- _WHAT TO WORK ON_
Search the records below for the string "slip", and report each line that contains it.

- _EXERCISE INPUTS_
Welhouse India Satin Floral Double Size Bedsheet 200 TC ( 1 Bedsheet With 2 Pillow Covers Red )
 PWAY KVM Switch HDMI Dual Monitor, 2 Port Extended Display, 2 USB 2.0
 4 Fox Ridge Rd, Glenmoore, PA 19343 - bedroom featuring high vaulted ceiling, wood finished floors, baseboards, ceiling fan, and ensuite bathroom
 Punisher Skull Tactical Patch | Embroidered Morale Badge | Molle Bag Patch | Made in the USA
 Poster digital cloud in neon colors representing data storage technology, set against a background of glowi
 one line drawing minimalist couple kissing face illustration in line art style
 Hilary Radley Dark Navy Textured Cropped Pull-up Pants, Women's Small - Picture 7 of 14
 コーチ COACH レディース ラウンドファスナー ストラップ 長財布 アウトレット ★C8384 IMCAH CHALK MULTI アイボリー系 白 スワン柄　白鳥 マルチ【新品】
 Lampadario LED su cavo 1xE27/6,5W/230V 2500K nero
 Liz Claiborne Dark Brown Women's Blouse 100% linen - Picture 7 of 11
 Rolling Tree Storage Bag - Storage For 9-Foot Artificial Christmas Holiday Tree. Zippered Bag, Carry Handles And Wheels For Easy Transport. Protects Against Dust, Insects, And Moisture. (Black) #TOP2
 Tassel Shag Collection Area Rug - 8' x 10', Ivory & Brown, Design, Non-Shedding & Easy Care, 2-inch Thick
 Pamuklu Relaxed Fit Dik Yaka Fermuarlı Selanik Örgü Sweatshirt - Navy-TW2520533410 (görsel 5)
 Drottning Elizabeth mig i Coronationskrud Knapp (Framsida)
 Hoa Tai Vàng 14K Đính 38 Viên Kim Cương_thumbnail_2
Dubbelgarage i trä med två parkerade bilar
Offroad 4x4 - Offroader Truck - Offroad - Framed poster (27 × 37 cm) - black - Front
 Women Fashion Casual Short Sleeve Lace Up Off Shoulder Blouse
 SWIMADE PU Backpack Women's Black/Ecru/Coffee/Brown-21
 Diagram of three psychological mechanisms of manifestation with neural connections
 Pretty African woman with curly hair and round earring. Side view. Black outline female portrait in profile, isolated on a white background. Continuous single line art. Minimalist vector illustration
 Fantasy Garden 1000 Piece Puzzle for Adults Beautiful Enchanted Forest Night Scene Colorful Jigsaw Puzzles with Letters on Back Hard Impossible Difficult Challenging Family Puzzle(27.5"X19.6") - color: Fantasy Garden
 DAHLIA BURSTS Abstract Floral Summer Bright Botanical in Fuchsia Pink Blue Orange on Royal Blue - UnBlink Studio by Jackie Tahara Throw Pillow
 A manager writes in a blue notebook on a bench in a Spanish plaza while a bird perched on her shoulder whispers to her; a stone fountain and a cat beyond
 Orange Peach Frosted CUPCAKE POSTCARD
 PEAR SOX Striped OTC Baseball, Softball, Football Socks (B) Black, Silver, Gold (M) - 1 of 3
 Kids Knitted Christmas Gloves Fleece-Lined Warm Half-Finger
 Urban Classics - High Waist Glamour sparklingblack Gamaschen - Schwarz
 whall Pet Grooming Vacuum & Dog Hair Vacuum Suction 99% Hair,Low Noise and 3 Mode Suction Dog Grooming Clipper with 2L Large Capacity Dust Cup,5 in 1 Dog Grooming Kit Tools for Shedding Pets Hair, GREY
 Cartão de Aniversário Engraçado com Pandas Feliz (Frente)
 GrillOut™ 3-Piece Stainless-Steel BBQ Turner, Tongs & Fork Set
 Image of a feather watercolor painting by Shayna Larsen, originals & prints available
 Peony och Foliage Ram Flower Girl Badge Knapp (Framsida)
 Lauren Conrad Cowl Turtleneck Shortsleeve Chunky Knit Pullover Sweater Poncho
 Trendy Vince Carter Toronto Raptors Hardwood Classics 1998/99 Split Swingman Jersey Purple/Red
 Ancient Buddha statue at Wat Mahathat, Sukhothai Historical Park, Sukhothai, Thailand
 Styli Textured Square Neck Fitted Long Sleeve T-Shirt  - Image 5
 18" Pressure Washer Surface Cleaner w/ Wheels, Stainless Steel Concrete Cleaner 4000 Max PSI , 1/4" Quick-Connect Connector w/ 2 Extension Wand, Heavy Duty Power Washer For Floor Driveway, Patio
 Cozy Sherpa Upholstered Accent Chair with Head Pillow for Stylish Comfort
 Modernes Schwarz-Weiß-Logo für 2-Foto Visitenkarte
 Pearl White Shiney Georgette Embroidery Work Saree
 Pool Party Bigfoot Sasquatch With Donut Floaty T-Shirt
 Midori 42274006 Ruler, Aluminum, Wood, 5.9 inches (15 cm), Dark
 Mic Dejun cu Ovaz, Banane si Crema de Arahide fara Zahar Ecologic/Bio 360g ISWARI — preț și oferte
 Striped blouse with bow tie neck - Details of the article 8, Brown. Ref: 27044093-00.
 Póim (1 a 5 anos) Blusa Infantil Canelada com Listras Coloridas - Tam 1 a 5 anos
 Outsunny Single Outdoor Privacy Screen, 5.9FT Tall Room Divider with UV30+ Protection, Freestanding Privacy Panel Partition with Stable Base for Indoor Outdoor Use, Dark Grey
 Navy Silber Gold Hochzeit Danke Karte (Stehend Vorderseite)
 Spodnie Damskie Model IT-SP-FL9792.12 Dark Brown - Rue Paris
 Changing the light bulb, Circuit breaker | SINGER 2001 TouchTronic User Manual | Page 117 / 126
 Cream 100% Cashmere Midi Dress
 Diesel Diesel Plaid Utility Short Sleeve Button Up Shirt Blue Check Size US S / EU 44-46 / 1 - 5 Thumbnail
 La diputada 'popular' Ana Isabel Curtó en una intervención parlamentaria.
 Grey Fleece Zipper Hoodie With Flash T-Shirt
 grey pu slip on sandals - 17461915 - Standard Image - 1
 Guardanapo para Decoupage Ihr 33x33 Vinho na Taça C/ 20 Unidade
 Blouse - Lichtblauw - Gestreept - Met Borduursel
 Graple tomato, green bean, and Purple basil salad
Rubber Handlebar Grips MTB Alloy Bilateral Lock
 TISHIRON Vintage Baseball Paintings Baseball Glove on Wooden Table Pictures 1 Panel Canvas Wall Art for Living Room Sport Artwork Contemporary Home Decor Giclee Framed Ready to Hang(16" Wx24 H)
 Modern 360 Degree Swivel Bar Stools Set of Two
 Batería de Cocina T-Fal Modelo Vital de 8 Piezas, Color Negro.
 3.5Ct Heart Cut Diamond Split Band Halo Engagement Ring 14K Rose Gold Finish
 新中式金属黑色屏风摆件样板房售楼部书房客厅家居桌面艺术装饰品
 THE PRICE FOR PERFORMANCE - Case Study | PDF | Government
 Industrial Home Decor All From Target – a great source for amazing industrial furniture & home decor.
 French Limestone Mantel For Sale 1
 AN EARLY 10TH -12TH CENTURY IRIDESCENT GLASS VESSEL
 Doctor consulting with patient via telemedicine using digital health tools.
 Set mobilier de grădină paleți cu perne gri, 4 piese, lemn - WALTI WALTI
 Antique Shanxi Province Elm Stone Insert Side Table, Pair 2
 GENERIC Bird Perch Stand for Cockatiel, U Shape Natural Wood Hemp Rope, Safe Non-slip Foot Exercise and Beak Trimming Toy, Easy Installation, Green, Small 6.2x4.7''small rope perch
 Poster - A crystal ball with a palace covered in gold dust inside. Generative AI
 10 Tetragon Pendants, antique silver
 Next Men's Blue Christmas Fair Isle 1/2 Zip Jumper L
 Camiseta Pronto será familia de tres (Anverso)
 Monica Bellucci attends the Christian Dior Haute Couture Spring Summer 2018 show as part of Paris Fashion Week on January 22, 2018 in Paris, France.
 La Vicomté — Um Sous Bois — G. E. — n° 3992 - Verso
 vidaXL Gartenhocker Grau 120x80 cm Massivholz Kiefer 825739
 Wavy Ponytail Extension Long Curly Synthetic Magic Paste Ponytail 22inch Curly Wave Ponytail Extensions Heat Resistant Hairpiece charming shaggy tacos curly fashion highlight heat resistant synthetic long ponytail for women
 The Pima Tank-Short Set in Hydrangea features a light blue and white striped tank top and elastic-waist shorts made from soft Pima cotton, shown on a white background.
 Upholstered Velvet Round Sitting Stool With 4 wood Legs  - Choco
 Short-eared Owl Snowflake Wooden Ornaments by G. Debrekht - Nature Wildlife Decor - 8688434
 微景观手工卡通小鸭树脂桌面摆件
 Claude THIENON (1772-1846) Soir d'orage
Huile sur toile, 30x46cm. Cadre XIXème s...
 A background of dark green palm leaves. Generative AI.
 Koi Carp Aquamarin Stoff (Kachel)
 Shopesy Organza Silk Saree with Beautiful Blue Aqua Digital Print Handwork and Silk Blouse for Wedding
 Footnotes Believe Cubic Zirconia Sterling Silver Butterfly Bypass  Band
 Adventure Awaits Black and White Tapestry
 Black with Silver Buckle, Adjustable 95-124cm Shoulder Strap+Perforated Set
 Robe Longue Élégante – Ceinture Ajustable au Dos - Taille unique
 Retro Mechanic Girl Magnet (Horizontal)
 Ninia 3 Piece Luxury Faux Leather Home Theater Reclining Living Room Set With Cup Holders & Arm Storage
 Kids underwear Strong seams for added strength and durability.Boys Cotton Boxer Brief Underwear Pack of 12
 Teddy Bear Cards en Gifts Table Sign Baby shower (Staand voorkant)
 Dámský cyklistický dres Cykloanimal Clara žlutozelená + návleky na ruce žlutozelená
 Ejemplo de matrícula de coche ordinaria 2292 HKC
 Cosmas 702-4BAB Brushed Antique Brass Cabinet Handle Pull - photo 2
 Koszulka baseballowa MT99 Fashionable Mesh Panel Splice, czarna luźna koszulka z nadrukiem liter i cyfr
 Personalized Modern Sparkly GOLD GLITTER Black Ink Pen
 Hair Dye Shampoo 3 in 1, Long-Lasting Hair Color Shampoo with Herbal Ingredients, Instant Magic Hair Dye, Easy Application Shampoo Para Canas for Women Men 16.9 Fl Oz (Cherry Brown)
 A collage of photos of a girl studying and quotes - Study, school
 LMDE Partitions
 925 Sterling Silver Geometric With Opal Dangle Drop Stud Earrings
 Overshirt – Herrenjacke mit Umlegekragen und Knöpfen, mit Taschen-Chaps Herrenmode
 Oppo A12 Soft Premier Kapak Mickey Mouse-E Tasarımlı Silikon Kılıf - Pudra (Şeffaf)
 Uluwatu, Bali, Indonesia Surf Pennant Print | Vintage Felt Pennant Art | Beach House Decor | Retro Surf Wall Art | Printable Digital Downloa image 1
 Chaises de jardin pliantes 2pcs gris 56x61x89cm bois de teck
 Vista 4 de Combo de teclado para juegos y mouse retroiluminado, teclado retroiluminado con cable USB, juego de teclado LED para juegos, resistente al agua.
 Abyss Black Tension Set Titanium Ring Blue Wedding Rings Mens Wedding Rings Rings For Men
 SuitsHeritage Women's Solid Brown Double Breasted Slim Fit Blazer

- _WRITTEN SOLUTION_
 grey pu slip on sandals - 17461915 - Standard Image - 1
 GENERIC Bird Perch Stand for Cockatiel, U Shape Natural Wood Hemp Rope, Safe Non-slip Foot Exercise and Beak Trimming Toy, Easy Installation, Green, Small 6.2x4.7''small rope perch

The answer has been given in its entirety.